What you should do: From the first line of the listing to the last, set down everything exactly, but skip the images.

Provided records:
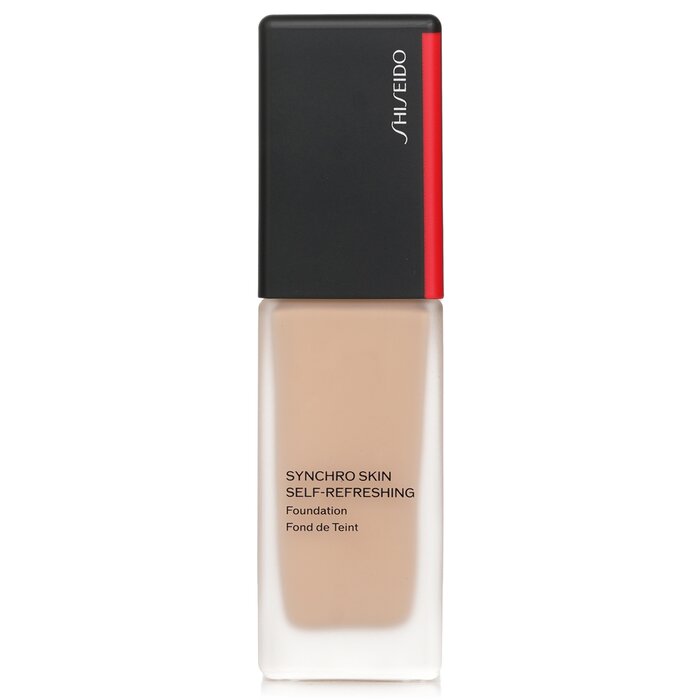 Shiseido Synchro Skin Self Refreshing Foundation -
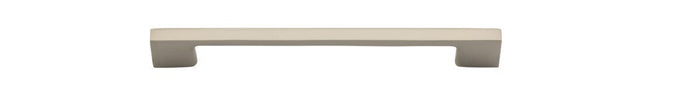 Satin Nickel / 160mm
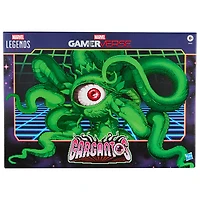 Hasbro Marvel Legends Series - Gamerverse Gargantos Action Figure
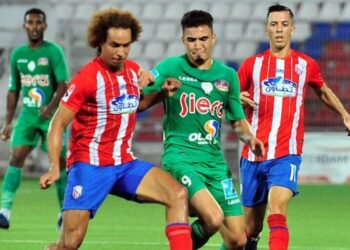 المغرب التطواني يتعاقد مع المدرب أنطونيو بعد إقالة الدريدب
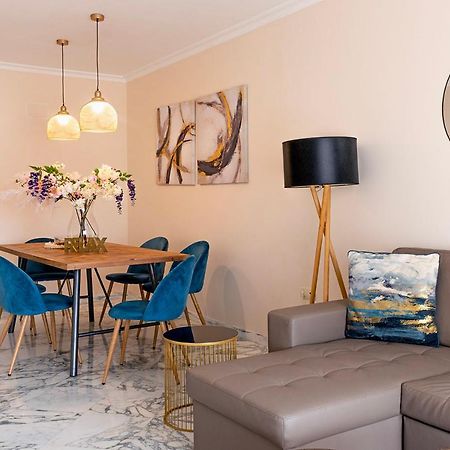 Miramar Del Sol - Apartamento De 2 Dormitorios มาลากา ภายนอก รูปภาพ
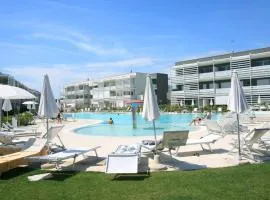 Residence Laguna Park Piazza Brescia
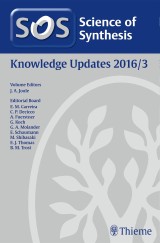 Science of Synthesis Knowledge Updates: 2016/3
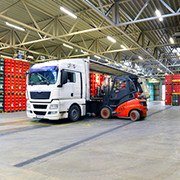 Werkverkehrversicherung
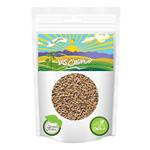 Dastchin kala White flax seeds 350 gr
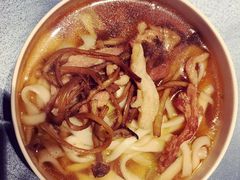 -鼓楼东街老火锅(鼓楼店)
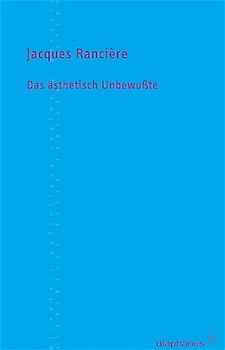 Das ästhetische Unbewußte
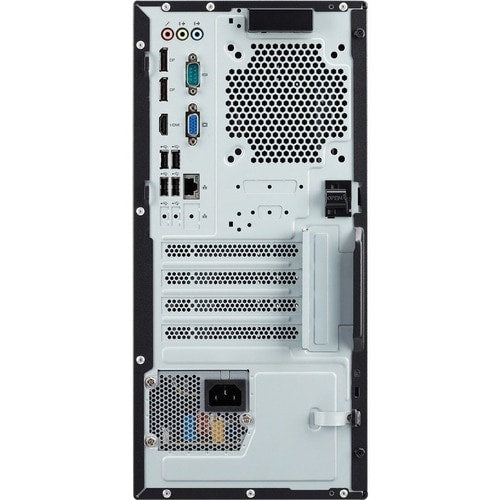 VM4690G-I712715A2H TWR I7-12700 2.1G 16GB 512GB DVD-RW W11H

Written reply:
 Shiseido Synchro Skin Self Refreshing Foundation -
 Satin Nickel / 160mm
 Hasbro Marvel Legends Series - Gamerverse Gargantos Action Figure
 المغرب التطواني يتعاقد مع المدرب أنطونيو بعد إقالة الدريدب
 Miramar Del Sol - Apartamento De 2 Dormitorios มาลากา ภายนอก รูปภาพ
 Residence Laguna Park Piazza Brescia
 Science of Synthesis Knowledge Updates: 2016/3
 Werkverkehrversicherung
 Dastchin kala White flax seeds 350 gr
 -鼓楼东街老火锅(鼓楼店)
 Das ästhetische Unbewußte
 VM4690G-I712715A2H TWR I7-12700 2.1G 16GB 512GB DVD-RW W11H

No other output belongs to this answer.